Autonomous vehicles could keep traffic flowing at a steady pace, which is great for everyone’s well-being. Tesla Motors CEO Elon Musk says that an autopilot function is years away, and Nissan has actually promised production of a fully autonomous vehicle by 2020. Reducing idle time and stop-and-go traffic also greatly reduces emissions associated with a typical commute. Who knows, maybe you can just sit back and enjoy that cup of coffee and catch up on your morning emails?
- Cheaper Electric Vehicles and Nationwide Quick-Charging Stations
The expense of the lithium-ion battery is probably the first objection people raise when considering electric vehicles. Charging infrastructure is probably the second. Those who can afford them, and learn how to drive them, absolutely love their electric vehicles. Making them cheaper and easier to use could only make them more appealing to the general public.
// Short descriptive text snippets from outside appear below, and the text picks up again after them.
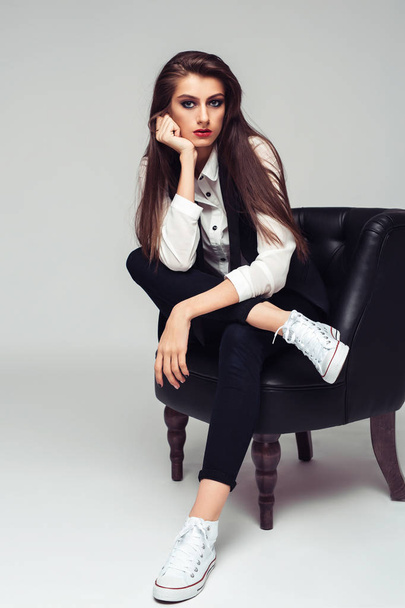 Young beautiful woman posing sitting on arm-chair in stylish clothes and keds, full length - Photo, Image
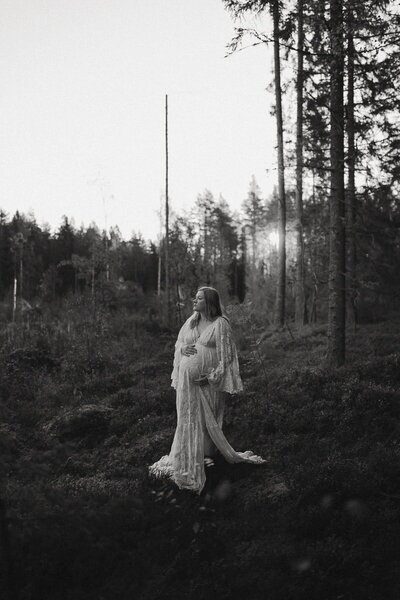 Svartvit bild på en gravid kvinna i vit klänning som står i skogen.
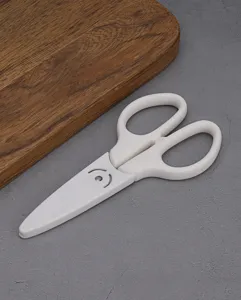Detailed close-up shot of white baby complementary food scissors with protective cover.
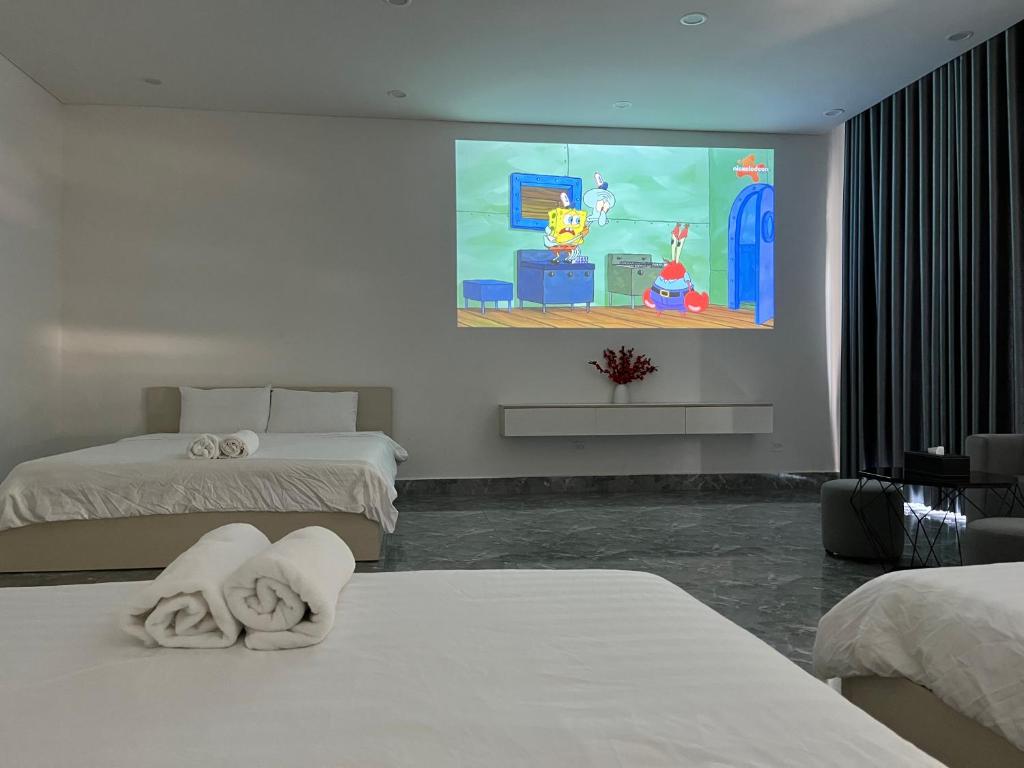 a hotel room with two beds and a video game on the wall at Arcadia homestay in Phú Quốc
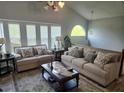 Bright living room with vaulted ceilings, large windows, and comfortable seating arrangement at 5602 Ardmore Ct, Sugar Hill, GA 30518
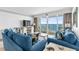 Cozy living room with ocean view balcony, comfortable seating, and stylish decor for relaxation and entertainment at 1012 N Waccamaw Dr. # 507, Murrells Inlet, SC 29576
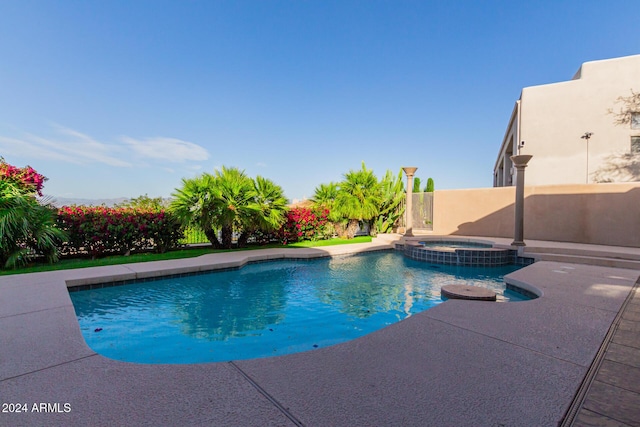 view of swimming pool with a patio area and an in ground hot tub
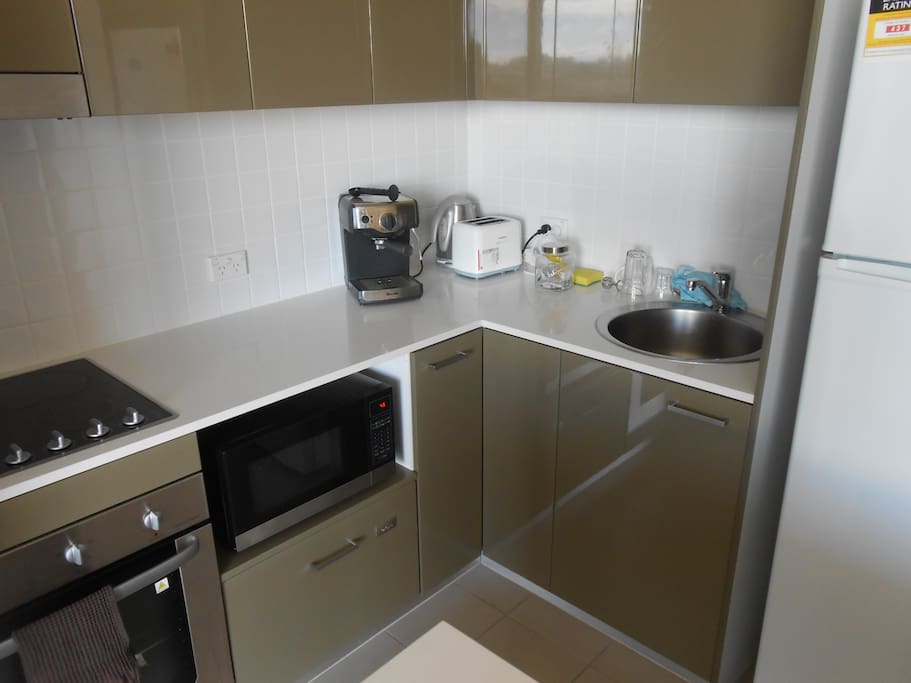 full kitchen with dishwasher, expresso machine, even potato masher etc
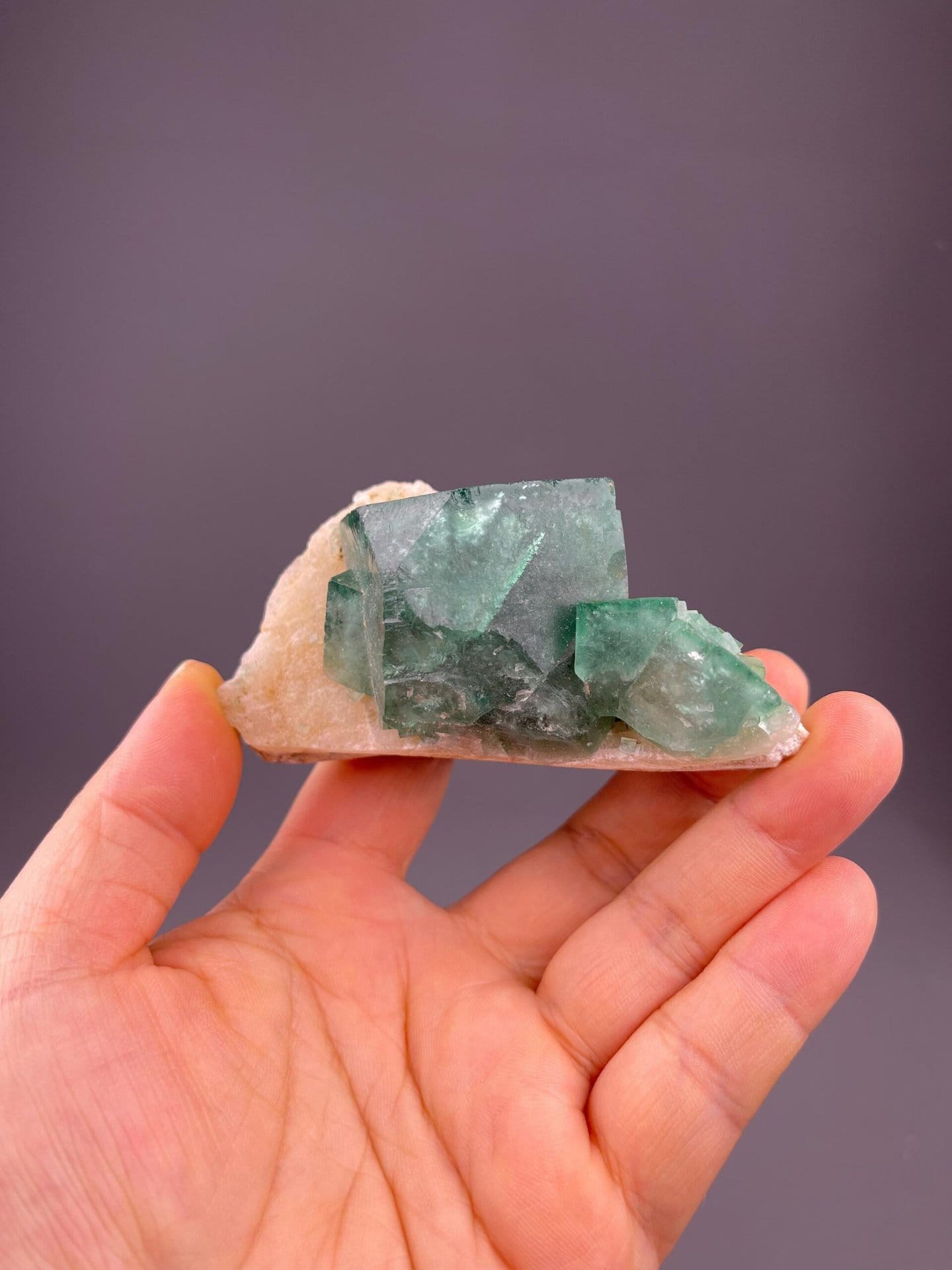 Side view of green fluorite cubic crystal Madagascar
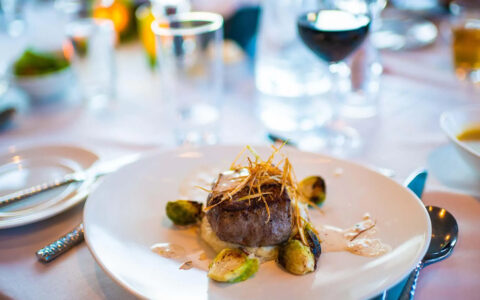 A steak dinner beautifully plated with brussel sprouts on a white place setting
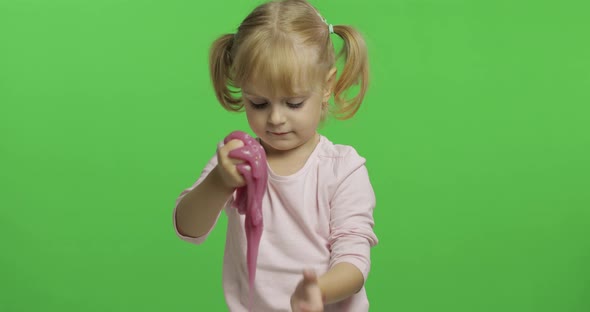 Kid Playing with Hand Made Toy Slime. Child Having Fun Making Pink Slime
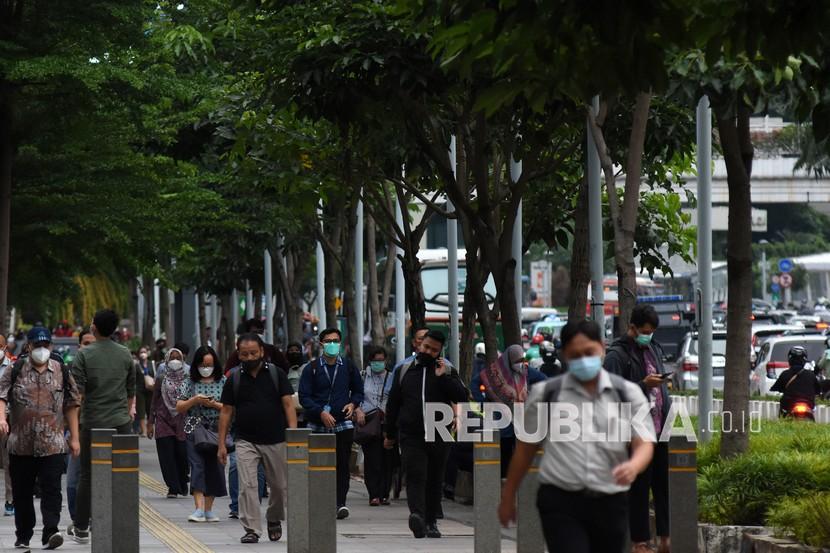 Pekerja berjalan di trotoar Jalan Jenderal Sudirman saat jam pulang kerja di Jakarta, Rabu (17/11/2021).
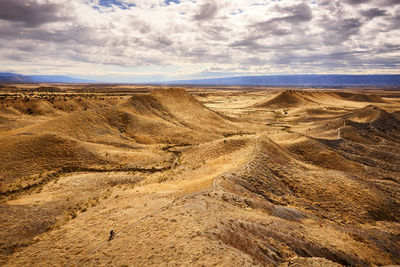 An overhead shot of a mountain biker on a trail in colorado.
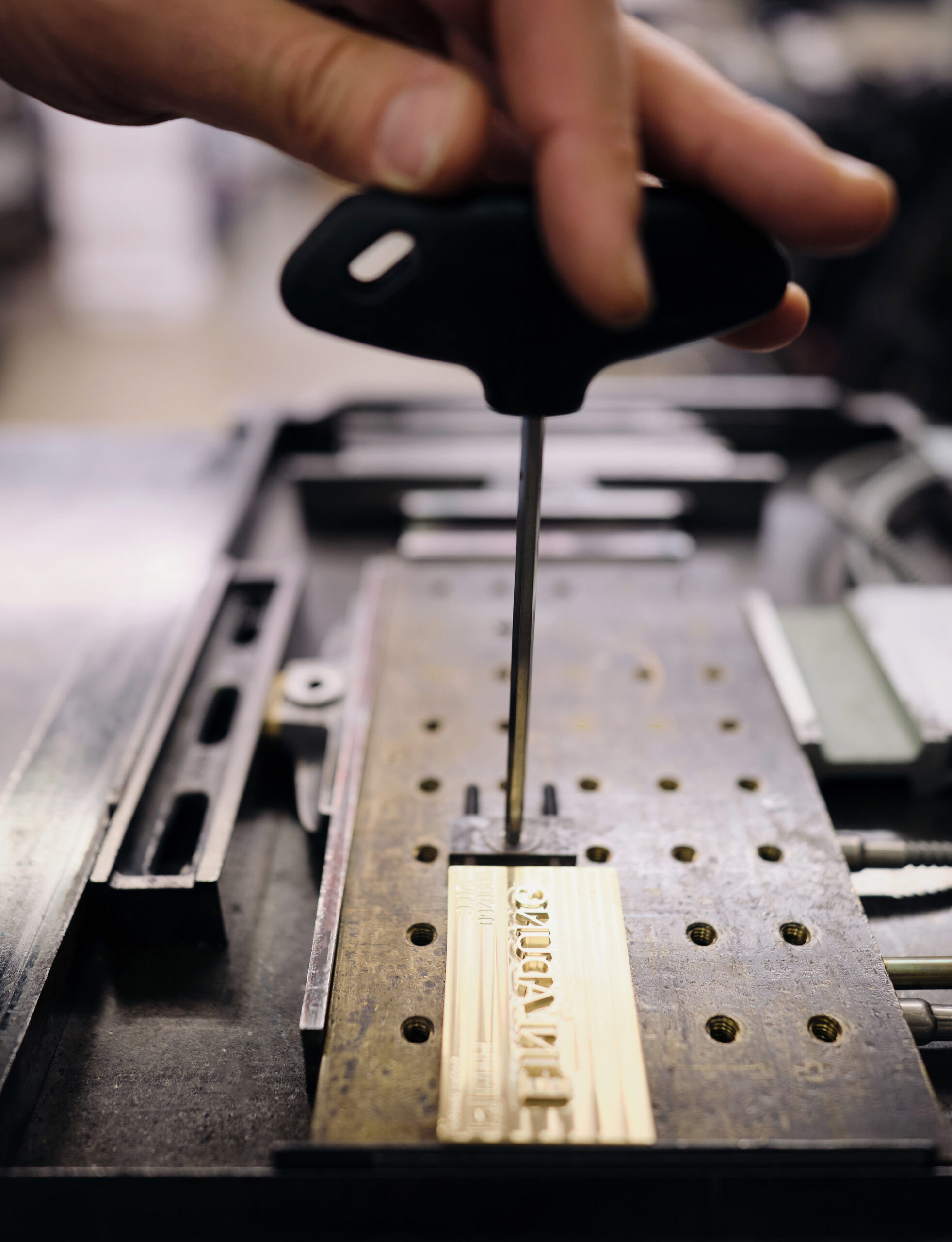 Eine Hand hält eine goldene Heißfolienprägeform in der Hand.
If researchers can formulate a new energy storage and charge package that is: a) at least as energy-dense as lithium-ion, b) cheaper than it is now, perhaps 30% or better, c) recharges in about half an hour, and d) is at least as abundant as the average gas station, it could go a long way toward increasing adoption of electric vehicles. Is that asking for a lot? Perhaps, but researchers are already working on these very things. Soon, an electric vehicle driver will be able to use his car exactly as he would a conventional vehicle, reducing emissions every mile.